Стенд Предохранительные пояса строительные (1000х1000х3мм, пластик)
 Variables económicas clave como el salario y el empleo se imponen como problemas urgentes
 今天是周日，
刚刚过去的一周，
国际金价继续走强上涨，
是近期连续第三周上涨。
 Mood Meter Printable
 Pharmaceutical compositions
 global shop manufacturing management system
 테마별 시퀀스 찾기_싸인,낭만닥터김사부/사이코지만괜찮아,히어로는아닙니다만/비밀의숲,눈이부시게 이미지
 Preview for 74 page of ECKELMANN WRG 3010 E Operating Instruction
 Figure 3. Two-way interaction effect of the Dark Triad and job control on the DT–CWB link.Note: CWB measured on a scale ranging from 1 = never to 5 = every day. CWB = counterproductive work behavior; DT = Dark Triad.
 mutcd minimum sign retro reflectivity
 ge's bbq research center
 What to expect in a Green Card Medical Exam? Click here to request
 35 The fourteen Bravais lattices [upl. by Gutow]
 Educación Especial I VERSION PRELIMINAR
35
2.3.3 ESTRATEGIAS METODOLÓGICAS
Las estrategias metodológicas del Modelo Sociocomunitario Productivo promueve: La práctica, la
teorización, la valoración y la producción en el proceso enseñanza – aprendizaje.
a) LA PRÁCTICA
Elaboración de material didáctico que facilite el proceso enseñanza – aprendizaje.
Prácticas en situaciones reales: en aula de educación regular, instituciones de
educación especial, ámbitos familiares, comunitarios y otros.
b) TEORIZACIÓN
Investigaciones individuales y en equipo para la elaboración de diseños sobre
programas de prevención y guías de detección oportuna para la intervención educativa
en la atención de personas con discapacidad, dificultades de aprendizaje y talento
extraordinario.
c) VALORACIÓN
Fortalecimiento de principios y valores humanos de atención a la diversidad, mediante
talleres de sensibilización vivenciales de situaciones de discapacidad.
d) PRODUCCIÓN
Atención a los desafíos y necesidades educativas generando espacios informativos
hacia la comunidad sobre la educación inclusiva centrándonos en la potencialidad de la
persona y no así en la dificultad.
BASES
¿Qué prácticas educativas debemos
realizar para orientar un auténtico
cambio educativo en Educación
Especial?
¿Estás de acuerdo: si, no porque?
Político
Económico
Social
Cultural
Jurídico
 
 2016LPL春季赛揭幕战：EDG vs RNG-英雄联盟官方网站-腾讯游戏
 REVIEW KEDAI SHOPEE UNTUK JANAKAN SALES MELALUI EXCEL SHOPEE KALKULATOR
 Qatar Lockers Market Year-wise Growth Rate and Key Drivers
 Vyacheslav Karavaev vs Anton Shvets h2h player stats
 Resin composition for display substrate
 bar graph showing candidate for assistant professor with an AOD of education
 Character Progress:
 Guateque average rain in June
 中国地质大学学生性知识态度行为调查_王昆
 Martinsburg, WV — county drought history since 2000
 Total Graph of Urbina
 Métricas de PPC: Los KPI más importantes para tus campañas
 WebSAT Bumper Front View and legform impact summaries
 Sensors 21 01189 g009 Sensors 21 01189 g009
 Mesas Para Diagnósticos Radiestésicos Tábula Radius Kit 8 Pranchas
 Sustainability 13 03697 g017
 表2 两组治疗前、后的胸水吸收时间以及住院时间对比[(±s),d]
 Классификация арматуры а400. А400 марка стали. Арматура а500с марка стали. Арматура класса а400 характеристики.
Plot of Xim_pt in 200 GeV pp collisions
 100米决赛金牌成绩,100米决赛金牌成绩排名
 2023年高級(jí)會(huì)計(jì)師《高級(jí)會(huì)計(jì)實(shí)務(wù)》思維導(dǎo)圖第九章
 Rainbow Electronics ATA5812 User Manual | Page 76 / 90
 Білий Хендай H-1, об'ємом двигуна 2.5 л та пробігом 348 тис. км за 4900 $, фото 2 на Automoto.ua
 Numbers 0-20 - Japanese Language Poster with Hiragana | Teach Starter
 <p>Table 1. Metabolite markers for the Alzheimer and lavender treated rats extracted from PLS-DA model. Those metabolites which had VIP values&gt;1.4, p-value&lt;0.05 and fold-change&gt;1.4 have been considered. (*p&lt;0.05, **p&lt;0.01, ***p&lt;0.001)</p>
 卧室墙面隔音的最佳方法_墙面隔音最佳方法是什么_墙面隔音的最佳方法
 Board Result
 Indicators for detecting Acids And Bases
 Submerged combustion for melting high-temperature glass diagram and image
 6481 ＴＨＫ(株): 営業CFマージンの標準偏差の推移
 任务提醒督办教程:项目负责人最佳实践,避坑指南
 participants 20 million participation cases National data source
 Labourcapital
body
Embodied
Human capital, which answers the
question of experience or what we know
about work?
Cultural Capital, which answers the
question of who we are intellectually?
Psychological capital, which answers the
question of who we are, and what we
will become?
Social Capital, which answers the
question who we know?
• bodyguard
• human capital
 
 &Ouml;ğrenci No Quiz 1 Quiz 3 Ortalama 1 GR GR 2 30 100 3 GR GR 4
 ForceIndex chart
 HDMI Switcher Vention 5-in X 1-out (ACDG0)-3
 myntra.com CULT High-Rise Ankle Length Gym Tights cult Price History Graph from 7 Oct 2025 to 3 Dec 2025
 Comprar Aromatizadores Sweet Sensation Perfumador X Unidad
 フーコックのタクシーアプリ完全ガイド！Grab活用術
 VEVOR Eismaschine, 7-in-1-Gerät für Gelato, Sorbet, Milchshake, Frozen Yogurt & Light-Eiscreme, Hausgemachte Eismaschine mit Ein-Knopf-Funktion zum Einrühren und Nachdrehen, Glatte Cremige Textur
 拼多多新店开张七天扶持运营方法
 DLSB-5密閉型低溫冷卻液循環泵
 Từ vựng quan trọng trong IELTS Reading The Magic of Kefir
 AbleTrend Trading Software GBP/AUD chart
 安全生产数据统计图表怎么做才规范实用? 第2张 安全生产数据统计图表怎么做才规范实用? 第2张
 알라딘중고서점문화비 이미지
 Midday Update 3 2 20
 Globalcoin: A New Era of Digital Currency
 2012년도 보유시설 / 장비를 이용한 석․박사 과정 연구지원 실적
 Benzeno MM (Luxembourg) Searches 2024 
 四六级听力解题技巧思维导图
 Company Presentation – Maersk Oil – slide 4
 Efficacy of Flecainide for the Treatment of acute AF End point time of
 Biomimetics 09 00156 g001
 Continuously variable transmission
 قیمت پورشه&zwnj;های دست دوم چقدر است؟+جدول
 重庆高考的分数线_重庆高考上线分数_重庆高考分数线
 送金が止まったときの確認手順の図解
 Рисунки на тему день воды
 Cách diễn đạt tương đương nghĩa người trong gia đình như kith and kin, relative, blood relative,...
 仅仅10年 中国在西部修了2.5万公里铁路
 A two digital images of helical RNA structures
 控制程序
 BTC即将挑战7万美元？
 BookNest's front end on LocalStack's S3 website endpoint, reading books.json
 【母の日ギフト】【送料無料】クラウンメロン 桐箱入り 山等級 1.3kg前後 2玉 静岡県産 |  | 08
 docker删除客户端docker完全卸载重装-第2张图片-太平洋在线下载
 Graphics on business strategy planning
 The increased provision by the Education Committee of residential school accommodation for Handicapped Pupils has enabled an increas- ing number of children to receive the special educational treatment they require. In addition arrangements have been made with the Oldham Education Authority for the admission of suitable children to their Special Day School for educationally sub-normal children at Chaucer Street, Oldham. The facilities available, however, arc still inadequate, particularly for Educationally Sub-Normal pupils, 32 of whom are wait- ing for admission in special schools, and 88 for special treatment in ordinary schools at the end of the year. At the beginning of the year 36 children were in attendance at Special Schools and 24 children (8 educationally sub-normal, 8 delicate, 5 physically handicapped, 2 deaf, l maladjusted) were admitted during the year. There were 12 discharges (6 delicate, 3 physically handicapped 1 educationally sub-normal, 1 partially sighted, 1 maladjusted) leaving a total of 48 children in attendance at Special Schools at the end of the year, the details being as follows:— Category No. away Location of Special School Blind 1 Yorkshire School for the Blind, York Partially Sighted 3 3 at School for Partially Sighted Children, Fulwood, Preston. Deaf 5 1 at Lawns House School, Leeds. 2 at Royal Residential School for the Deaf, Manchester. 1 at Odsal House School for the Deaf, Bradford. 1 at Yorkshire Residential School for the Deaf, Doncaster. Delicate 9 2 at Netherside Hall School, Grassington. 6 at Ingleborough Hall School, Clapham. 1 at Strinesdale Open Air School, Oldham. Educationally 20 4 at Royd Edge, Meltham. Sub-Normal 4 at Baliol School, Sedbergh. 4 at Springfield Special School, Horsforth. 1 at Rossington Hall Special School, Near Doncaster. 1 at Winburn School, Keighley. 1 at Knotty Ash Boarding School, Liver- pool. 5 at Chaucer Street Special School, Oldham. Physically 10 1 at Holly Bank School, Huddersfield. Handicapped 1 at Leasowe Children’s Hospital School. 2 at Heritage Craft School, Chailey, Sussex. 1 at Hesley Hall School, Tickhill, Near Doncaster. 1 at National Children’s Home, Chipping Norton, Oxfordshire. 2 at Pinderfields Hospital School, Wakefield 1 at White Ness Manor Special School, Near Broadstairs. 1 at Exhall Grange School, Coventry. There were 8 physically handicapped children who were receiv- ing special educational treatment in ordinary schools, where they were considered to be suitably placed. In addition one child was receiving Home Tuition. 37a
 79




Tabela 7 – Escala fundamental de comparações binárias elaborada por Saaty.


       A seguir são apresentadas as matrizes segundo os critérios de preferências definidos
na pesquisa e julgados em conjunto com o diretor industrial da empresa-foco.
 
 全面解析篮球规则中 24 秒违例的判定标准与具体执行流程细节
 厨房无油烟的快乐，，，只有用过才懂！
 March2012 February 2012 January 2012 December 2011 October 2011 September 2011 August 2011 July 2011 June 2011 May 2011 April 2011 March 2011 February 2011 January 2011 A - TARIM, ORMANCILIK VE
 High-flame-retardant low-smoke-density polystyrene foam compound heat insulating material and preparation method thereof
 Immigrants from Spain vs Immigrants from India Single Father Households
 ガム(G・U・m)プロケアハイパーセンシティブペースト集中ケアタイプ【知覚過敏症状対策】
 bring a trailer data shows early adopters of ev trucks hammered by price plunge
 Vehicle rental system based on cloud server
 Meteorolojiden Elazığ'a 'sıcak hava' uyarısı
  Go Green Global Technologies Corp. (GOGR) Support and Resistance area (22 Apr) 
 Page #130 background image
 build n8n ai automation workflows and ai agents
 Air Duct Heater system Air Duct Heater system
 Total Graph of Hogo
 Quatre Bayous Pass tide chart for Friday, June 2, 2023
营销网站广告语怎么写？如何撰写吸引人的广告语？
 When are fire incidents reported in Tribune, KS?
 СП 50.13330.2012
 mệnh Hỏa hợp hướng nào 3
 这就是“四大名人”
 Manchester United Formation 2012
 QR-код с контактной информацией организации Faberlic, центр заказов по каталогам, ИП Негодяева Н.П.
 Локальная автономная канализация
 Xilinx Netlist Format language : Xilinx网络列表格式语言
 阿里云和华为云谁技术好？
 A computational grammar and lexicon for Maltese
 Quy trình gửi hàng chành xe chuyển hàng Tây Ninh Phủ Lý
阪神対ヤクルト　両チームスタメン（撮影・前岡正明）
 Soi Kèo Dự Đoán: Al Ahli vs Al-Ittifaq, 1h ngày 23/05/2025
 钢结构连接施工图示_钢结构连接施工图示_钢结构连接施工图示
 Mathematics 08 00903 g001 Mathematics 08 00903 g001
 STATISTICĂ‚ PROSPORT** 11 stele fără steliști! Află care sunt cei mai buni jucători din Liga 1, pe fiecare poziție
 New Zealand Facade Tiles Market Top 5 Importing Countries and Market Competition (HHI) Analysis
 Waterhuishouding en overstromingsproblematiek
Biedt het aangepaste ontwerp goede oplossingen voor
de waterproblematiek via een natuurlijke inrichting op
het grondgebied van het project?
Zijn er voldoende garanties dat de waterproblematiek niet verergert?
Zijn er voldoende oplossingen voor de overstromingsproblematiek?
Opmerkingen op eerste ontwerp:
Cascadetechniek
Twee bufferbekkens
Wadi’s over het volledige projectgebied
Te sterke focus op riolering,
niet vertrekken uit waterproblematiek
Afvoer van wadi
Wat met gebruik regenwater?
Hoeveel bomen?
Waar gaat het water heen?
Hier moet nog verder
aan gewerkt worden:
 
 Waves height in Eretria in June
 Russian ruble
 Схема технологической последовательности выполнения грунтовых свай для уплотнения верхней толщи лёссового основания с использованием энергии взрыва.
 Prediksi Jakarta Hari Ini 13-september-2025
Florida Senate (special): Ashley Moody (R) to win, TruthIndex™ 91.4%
* * * * *
Return only the lines from the beginning of the material up to and including the line with "cambio educativo en Educación", exactly as written.

→ Result for this task
Стенд Предохранительные пояса строительные (1000х1000х3мм, пластик)
 Variables económicas clave como el salario y el empleo se imponen como problemas urgentes
 今天是周日，
刚刚过去的一周，
国际金价继续走强上涨，
是近期连续第三周上涨。
 Mood Meter Printable
 Pharmaceutical compositions
 global shop manufacturing management system
 테마별 시퀀스 찾기_싸인,낭만닥터김사부/사이코지만괜찮아,히어로는아닙니다만/비밀의숲,눈이부시게 이미지
 Preview for 74 page of ECKELMANN WRG 3010 E Operating Instruction
 Figure 3. Two-way interaction effect of the Dark Triad and job control on the DT–CWB link.Note: CWB measured on a scale ranging from 1 = never to 5 = every day. CWB = counterproductive work behavior; DT = Dark Triad.
 mutcd minimum sign retro reflectivity
 ge's bbq research center
 What to expect in a Green Card Medical Exam? Click here to request
 35 The fourteen Bravais lattices [upl. by Gutow]
 Educación Especial I VERSION PRELIMINAR
35
2.3.3 ESTRATEGIAS METODOLÓGICAS
Las estrategias metodológicas del Modelo Sociocomunitario Productivo promueve: La práctica, la
teorización, la valoración y la producción en el proceso enseñanza – aprendizaje.
a) LA PRÁCTICA
Elaboración de material didáctico que facilite el proceso enseñanza – aprendizaje.
Prácticas en situaciones reales: en aula de educación regular, instituciones de
educación especial, ámbitos familiares, comunitarios y otros.
b) TEORIZACIÓN
Investigaciones individuales y en equipo para la elaboración de diseños sobre
programas de prevención y guías de detección oportuna para la intervención educativa
en la atención de personas con discapacidad, dificultades de aprendizaje y talento
extraordinario.
c) VALORACIÓN
Fortalecimiento de principios y valores humanos de atención a la diversidad, mediante
talleres de sensibilización vivenciales de situaciones de discapacidad.
d) PRODUCCIÓN
Atención a los desafíos y necesidades educativas generando espacios informativos
hacia la comunidad sobre la educación inclusiva centrándonos en la potencialidad de la
persona y no así en la dificultad.
BASES
¿Qué prácticas educativas debemos
realizar para orientar un auténtico
cambio educativo en Educación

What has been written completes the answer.